# Ipod verre brisé!!!



## imillia (14 Novembre 2009)

Bonjour a tous et toutes,

Ma fille a brissé le verre de son IPOD, au collège, pendant son cours de EPS, elle a laissé ds son sac. Le Ipod a ét piétiné. Il marche toujours. La Fnac, ne prend pas en compte ce type d'accident.
Est-ce que quelqu'un pourrais me dire où le faire reparer? combien cela peut me couter? 
Est-ce que je dois le faire reparer par le SAV de la Fnac? J'avais pris une extention de garantie mais cela ne sert à rien.

A bientot avec vos conseils.

Imillia


----------



## xtlink (14 Novembre 2009)

Je crois que le sav pourrait te le reprendre si dans les clauses ta la casse.

Mais je doute quand meme.

Pour la réparation, je peux pas te dire.

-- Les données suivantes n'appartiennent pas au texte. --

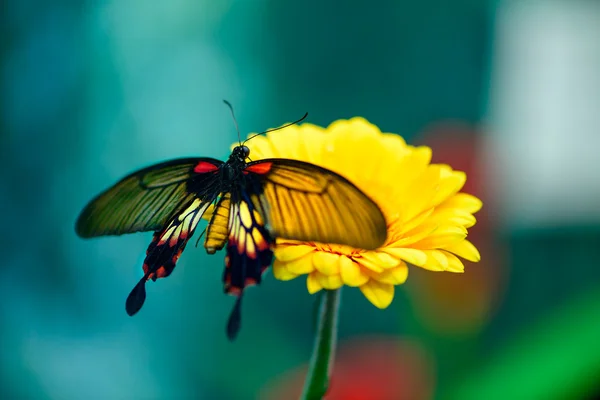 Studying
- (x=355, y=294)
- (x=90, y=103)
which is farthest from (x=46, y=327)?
(x=355, y=294)

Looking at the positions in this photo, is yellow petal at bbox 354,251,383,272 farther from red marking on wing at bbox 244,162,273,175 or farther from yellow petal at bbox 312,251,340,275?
red marking on wing at bbox 244,162,273,175

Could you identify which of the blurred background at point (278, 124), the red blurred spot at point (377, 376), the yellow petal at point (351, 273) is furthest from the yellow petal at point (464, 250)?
the red blurred spot at point (377, 376)

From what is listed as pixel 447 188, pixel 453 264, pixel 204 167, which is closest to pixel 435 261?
pixel 453 264

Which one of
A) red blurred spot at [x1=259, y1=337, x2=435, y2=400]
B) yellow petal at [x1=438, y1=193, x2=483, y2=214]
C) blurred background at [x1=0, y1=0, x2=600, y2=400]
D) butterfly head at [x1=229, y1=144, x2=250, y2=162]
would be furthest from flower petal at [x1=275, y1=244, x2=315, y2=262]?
red blurred spot at [x1=259, y1=337, x2=435, y2=400]

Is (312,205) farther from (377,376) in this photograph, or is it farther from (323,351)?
(377,376)

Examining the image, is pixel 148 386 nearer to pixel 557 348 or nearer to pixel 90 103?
pixel 90 103

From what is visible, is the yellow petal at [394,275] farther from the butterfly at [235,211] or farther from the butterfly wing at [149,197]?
the butterfly wing at [149,197] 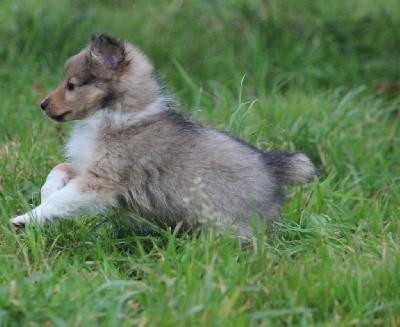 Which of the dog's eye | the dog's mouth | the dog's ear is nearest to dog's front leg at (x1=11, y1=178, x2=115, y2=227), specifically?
the dog's mouth

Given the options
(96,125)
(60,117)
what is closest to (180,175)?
(96,125)

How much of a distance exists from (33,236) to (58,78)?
133 inches

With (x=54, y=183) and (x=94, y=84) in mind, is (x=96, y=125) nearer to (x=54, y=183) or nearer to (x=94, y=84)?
(x=94, y=84)

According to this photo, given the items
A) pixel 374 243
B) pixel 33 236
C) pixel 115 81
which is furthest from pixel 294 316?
pixel 115 81

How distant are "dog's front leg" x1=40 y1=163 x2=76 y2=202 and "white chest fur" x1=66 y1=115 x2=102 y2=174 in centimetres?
6

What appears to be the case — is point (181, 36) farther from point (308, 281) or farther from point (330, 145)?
point (308, 281)

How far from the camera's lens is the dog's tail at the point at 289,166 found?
205 inches

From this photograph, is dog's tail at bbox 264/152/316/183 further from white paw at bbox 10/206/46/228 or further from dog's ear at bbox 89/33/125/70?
white paw at bbox 10/206/46/228

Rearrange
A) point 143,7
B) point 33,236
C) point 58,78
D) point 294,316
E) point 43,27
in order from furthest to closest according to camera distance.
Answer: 1. point 143,7
2. point 43,27
3. point 58,78
4. point 33,236
5. point 294,316

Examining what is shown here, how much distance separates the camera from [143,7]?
976 cm

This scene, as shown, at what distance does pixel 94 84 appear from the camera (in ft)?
16.9

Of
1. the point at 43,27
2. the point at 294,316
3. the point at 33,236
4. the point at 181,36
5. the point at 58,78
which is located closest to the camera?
the point at 294,316

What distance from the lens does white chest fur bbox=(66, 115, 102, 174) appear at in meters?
5.04

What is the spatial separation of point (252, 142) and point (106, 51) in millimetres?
1369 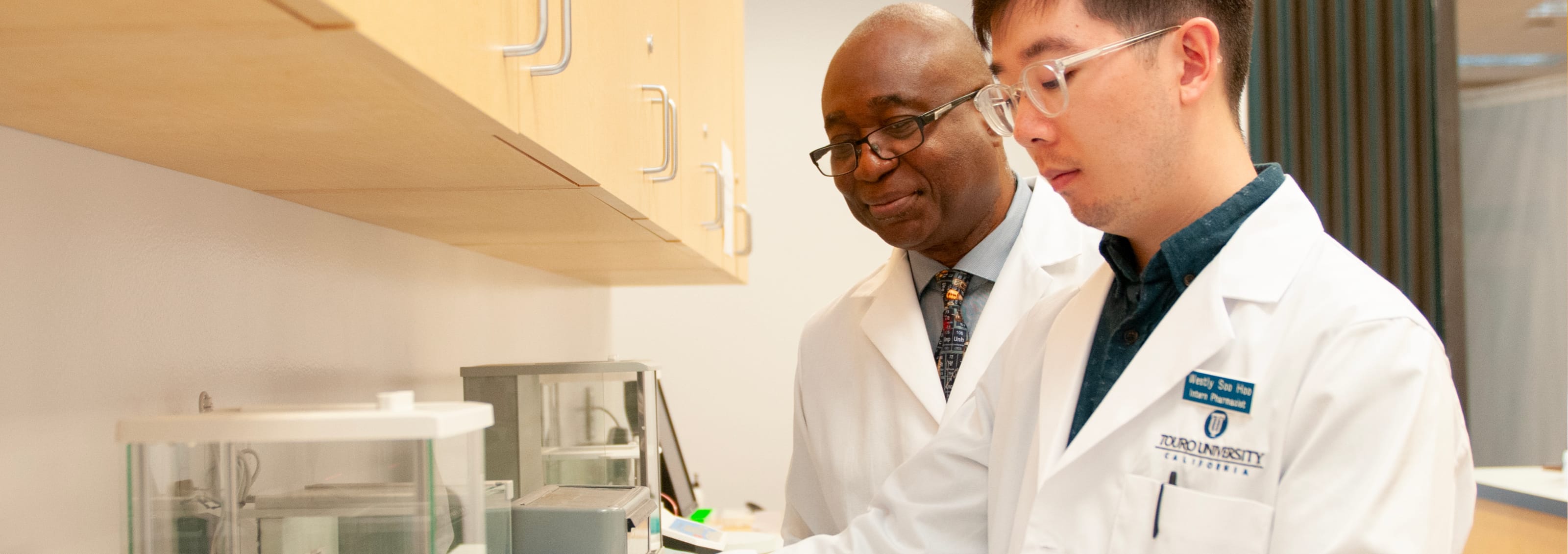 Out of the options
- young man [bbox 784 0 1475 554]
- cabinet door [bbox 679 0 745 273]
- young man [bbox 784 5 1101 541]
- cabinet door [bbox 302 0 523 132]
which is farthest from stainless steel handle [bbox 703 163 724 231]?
cabinet door [bbox 302 0 523 132]

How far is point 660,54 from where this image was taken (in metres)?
1.56

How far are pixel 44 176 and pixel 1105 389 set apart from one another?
936 millimetres

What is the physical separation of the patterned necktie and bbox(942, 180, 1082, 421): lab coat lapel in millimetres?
23

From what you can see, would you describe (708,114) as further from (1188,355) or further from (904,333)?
(1188,355)

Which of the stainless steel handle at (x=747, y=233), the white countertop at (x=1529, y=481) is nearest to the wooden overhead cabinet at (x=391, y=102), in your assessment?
the stainless steel handle at (x=747, y=233)

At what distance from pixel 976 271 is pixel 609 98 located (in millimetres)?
668

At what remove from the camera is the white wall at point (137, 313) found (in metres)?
0.82

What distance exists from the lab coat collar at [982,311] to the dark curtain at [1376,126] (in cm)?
200

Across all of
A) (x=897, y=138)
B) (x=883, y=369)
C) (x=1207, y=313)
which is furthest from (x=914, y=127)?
(x=1207, y=313)

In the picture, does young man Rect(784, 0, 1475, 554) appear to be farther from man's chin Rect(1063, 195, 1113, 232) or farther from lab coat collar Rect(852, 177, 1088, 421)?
lab coat collar Rect(852, 177, 1088, 421)

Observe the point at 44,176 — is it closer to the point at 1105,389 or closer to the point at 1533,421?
the point at 1105,389

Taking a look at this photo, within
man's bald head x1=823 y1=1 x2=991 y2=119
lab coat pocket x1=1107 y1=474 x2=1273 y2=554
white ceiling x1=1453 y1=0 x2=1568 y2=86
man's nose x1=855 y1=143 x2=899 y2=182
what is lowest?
lab coat pocket x1=1107 y1=474 x2=1273 y2=554

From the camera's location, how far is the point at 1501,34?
323 cm

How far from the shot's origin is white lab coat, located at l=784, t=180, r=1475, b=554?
0.74 meters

Faut voir avec la fnac, si il te propose pas un forfait au niveau du SAV.


----------



## tombom (15 Novembre 2009)

faut peut etre regarder au niveau des assurances (scolaire ou non... mais comme il n'y a pas de coupable en particulier... a moins que...)
sinon c'est quel ipod...?
apple peut le reparer, mais il faudrat payer (a titre de comparaison, pour un ipod touch, c'est environ 200 euro au moins chez apple)
un coup d'oeil sur ifixit.com peut etre utile... car il est peut etre plus interressant de changer la vitre soi meme, en commandant les pieces... ( sachant que la garantie risque tres probablement de sauter si la reparation est faites par vos soins...)

personnellement je dirai que en fonction du modèle de l'ipod, du prix d'achat, du temps restant de la garantie etc, il est necessaire de s'interroger sur les differentes possibilités...


----------